- **What is being asked**:
Print every record exactly, but leave out the pictures.

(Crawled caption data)
#####

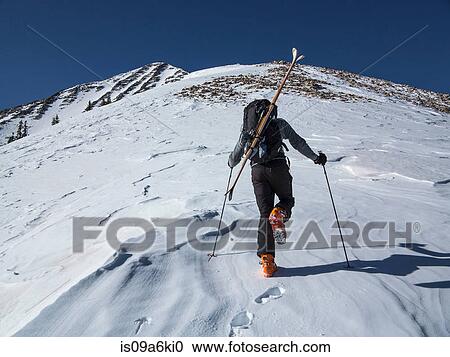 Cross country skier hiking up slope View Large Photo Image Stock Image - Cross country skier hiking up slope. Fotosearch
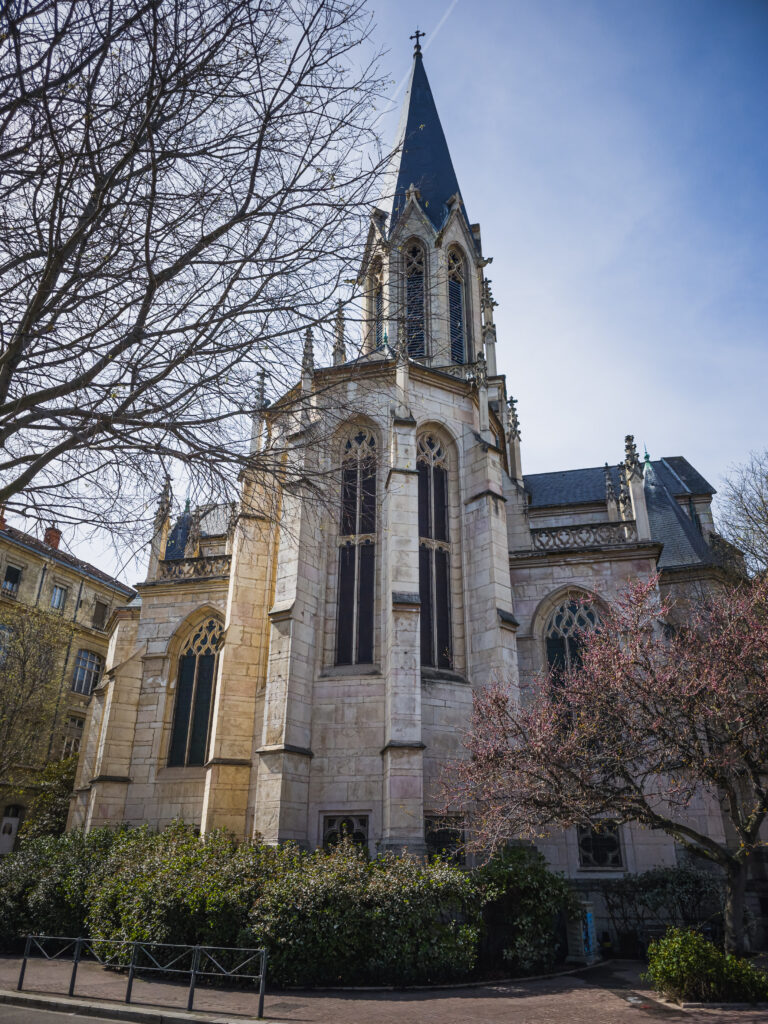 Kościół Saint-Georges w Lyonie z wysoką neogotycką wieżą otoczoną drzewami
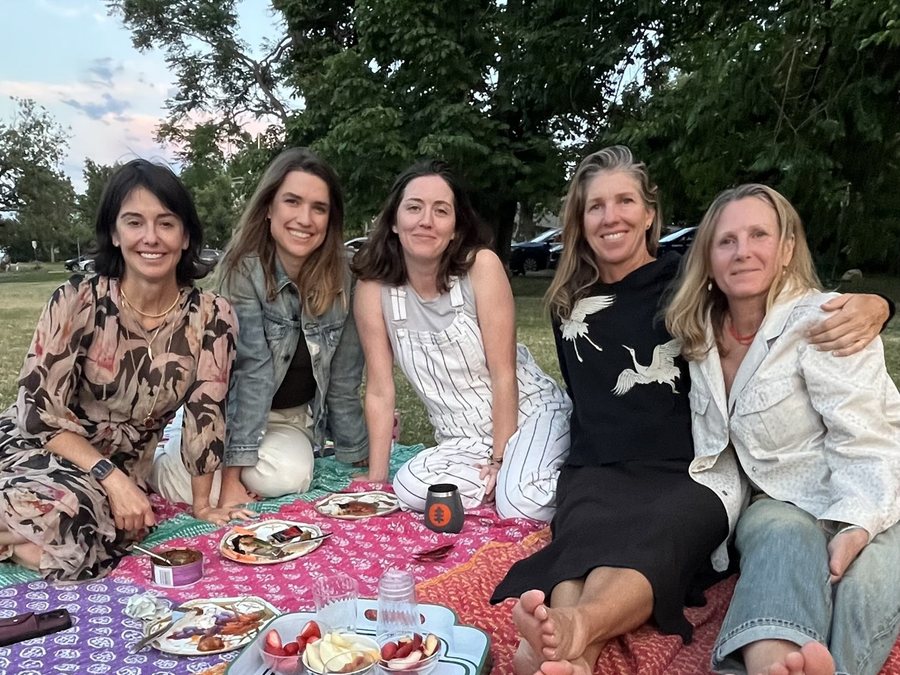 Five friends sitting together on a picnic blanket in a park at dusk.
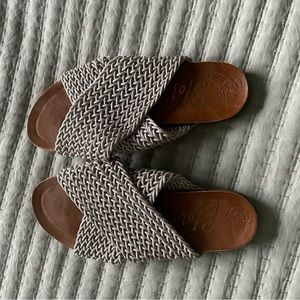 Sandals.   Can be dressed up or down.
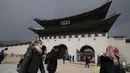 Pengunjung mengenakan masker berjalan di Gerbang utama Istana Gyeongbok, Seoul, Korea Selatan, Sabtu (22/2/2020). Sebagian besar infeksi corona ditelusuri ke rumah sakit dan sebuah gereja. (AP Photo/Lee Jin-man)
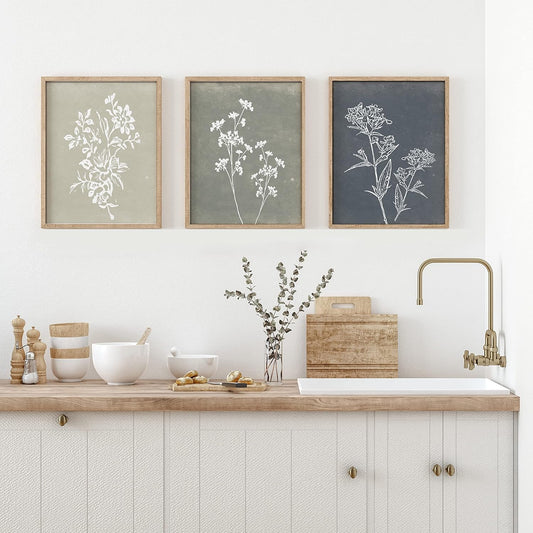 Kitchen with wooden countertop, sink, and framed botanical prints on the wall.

#####

- **Result for this task**:
 Cross country skier hiking up slope View Large Photo Image Stock Image - Cross country skier hiking up slope. Fotosearch
 Kościół Saint-Georges w Lyonie z wysoką neogotycką wieżą otoczoną drzewami
 Five friends sitting together on a picnic blanket in a park at dusk.
 Sandals.   Can be dressed up or down.
 Pengunjung mengenakan masker berjalan di Gerbang utama Istana Gyeongbok, Seoul, Korea Selatan, Sabtu (22/2/2020). Sebagian besar infeksi corona ditelusuri ke rumah sakit dan sebuah gereja. (AP Photo/Lee Jin-man)
 Kitchen with wooden countertop, sink, and framed botanical prints on the wall.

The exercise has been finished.